How Your Team Dynamics are Holding Your Company Back
When you become a leader inside an organization, there is enormous pressure for you to succeed. After all, your success translates into success for your company. So, you start investing in yourself. You consider your leadership style: fine tune your strengths and manage your weaknesses. You bring a vision and plan for success to the company, making sure that each stage is communicated thoroughly to your team and to the company at large. You solicit feedback, you check in with your colleagues. And yet, you still sense that morale is low. Team dynamics are not what they once were. While everyone knows what to do, they somehow aren’t able to execute the plan. And slowly, the sense that your plan will finally be able to put your company on track for success fades.
What Happened to Your Team Cohesiveness?
This is one instance where looking within to identify the problem is not necessarily going to lead to greater insight. Instead, it’s time to look at the group dynamics at play within your organization and to understand how people in the middle level of your organization can be so powerful in holding your plan back.

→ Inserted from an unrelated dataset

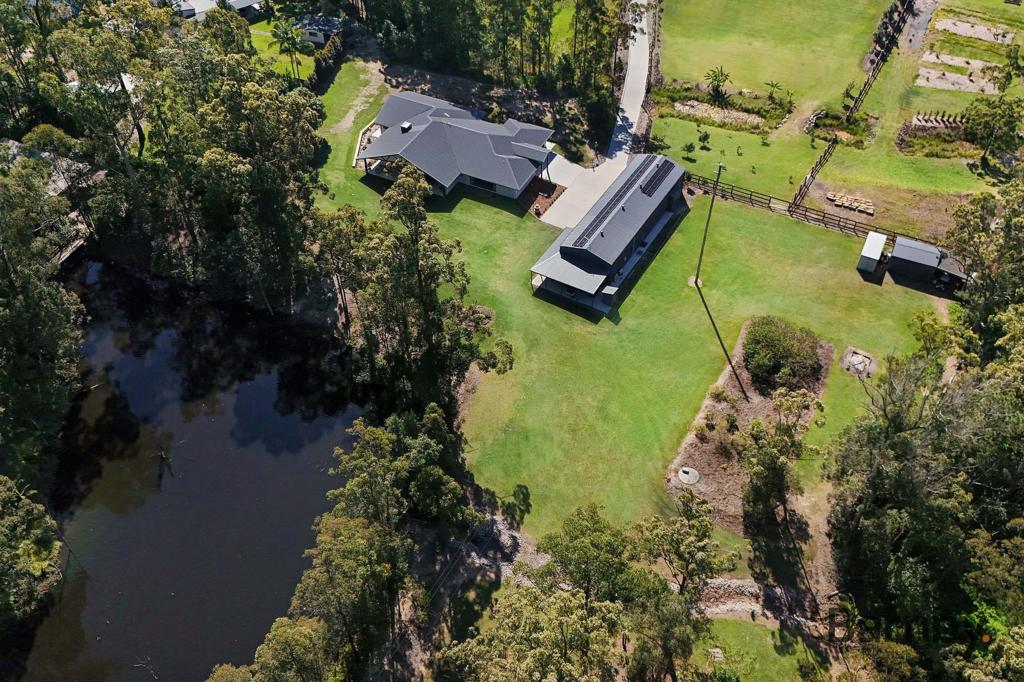 32 THOMPSON RD, BEERWAH, QLD 4519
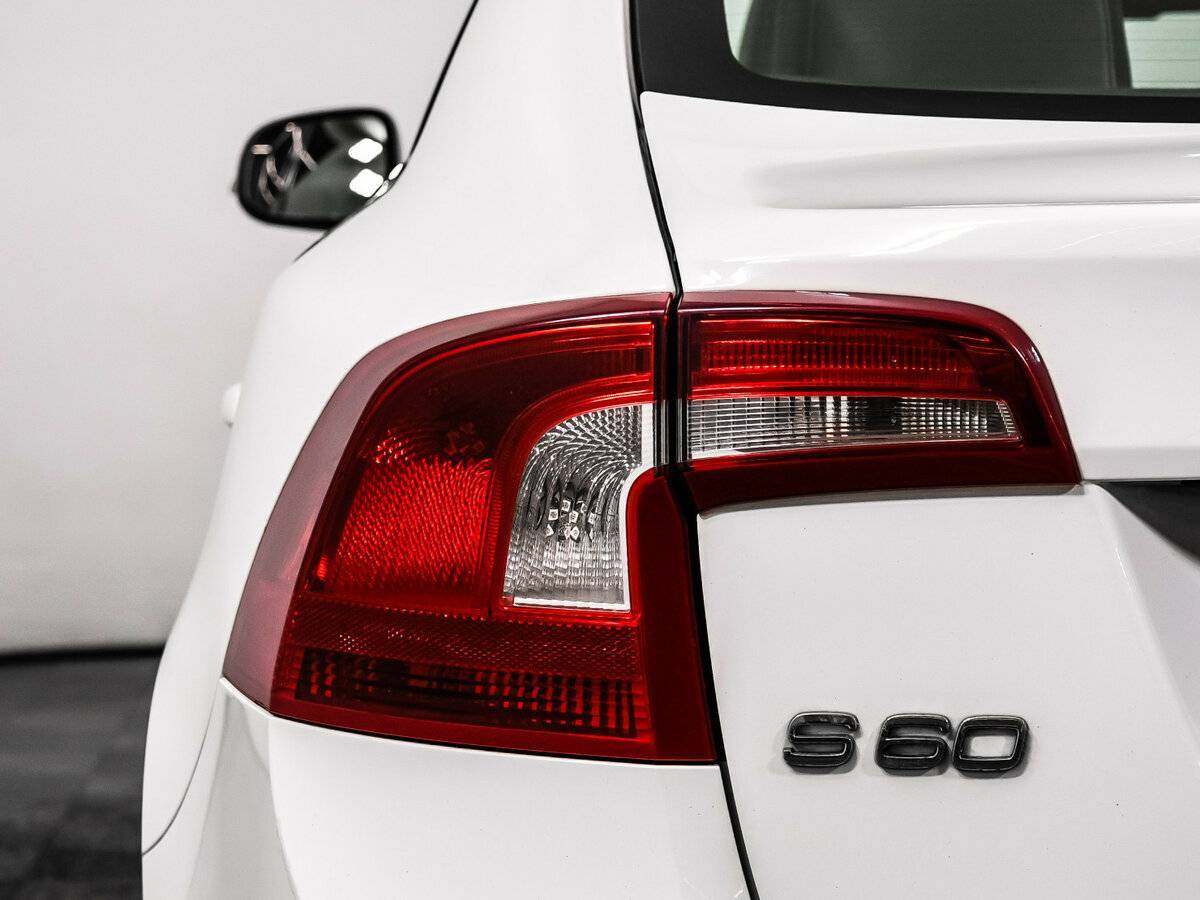 Volvo S60, 2012 Фото №15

The Role of Team Compatibility
So how does team compatibility affect outcomes so dramatically? To better understand this, we have to do some myth busting. There are two common misconceptions that must be addressed:
1. Strategic planning is the same as strategic execution of the plan
2. Everyone in your organization is already in their best-fit job
The first misconception is not easy to tackle. Just because you come up with a plan, doesn’t mean everyone knows how to make it happen or is even on board with it. It boils down to this: planning does not equal execution. You have to put as much effort into making sure the execution happens on every level of your organization as you put into your strategic planning. It’s common sense, but it often gets forgotten. Remember, just because your team knows what to do, doesn’t mean they know how to do it or even can do it.
The second misconception is an uncomfortable truth: not everyone who is currently on your team is the best fit for your team. When momentum stalls during a turnaround phase, the culprit can usually be found within those who didn’t necessarily come up with the plan but do have a hand in how the plan is executed. If those people are not on board, you have a problem.
For starters, they can become insidious voices in meetings and around colleagues. They shut the people around them down and in doing so, shut down execution of the plan. It’s at this point that you start to see morale dip. Additionally, if you are doing the work of making sure your employees know how to execute the plan, you need to make sure you are not expending precious resources on people who are more invested in seeing the plan fail than seeing it succeed.
How to Handle “Roadblock Employees”
It’s time to consider how these roadblock employees fit into the larger picture of how your company will function moving forward. Will they help create transformational change or will they be a barrier for those above and below them? There are no easy answers, and its questions like this that require courage and perseverance from a leader.